Report how many lines of the listing include the word "Women"; nothing else should be written.

··· EXERCISE DATA

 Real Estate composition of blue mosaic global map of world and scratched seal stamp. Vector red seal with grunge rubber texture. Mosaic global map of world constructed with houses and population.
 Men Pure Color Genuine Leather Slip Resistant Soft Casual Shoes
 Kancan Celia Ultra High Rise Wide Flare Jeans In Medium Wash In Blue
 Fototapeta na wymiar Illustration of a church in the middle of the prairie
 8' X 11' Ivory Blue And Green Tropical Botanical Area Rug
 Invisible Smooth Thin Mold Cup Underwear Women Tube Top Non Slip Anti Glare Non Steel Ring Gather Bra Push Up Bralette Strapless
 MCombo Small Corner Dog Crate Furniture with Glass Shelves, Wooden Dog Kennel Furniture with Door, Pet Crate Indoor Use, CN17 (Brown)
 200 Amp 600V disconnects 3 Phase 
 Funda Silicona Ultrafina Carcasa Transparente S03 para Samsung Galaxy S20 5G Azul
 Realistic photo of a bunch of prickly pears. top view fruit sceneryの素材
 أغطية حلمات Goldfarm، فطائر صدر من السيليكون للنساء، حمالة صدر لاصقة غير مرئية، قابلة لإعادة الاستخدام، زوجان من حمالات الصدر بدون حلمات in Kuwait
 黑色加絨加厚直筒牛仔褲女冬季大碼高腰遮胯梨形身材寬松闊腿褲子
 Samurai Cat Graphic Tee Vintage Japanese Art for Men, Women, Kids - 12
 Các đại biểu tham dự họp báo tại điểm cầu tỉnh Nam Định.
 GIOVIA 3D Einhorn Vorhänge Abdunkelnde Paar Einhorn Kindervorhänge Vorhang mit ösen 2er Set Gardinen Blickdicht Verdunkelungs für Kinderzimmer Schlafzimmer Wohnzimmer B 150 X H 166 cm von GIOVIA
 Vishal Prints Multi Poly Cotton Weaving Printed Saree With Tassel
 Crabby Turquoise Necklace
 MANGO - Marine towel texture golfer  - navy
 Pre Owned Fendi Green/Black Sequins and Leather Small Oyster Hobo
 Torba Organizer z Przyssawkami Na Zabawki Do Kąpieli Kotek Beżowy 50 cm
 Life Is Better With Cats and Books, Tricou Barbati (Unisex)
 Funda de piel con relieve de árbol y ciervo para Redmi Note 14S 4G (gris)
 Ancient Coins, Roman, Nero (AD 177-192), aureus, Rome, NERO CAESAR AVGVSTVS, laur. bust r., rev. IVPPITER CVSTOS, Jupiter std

······

> [RESULT]:
2